• TASK DETAILS: Retype, word for word, every line of the records below starting at the one that contains "Комната Санкт-Петербург Кондратьевский" and ending at the one that contains "Bandai SDEX Standard"; include both of those lines and nothing more.
**** DATA TO PROCESS
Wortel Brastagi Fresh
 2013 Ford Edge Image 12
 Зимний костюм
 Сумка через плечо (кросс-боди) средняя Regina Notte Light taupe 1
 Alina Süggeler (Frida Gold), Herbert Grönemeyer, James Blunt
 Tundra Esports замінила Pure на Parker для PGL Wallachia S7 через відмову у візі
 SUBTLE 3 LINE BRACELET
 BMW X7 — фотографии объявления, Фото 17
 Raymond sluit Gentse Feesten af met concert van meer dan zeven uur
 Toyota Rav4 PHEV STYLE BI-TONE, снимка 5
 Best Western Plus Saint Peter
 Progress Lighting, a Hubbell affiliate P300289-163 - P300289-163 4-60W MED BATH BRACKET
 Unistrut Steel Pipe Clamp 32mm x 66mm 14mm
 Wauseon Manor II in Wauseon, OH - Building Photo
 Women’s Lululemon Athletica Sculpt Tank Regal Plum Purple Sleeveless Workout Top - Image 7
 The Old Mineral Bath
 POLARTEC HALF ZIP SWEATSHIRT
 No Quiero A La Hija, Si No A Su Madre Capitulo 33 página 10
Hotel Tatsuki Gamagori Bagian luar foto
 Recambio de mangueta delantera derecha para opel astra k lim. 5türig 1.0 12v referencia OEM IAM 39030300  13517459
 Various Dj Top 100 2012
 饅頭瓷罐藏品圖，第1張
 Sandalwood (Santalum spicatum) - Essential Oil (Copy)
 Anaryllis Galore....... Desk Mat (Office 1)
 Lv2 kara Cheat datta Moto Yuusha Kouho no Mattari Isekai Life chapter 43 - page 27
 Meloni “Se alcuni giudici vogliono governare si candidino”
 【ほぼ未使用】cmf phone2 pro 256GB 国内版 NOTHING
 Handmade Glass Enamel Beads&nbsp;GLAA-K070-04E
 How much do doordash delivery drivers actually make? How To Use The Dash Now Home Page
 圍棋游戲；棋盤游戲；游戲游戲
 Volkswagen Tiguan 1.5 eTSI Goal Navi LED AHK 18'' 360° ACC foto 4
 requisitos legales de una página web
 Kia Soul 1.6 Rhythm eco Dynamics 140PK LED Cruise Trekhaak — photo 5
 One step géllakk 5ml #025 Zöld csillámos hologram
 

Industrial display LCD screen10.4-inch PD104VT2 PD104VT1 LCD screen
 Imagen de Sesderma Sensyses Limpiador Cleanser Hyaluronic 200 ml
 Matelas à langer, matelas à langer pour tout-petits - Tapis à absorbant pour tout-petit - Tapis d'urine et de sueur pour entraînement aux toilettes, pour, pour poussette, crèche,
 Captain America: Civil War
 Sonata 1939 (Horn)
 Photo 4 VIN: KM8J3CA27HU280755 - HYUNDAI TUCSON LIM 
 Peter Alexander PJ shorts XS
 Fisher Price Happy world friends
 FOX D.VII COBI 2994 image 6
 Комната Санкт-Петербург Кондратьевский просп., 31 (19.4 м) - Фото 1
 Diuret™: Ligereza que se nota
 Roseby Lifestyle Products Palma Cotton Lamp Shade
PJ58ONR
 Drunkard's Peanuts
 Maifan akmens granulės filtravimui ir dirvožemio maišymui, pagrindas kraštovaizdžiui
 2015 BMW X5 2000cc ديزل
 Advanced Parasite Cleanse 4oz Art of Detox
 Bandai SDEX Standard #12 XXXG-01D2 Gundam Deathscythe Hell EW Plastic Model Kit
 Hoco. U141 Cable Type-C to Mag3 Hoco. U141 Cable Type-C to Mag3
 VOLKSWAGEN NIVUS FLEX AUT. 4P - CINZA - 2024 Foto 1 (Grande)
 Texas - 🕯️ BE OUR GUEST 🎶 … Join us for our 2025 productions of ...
********
• SOLUTION:
 Комната Санкт-Петербург Кондратьевский просп., 31 (19.4 м) - Фото 1
 Diuret™: Ligereza que se nota
 Roseby Lifestyle Products Palma Cotton Lamp Shade
PJ58ONR
 Drunkard's Peanuts
 Maifan akmens granulės filtravimui ir dirvožemio maišymui, pagrindas kraštovaizdžiui
 2015 BMW X5 2000cc ديزل
 Advanced Parasite Cleanse 4oz Art of Detox
 Bandai SDEX Standard #12 XXXG-01D2 Gundam Deathscythe Hell EW Plastic Model Kit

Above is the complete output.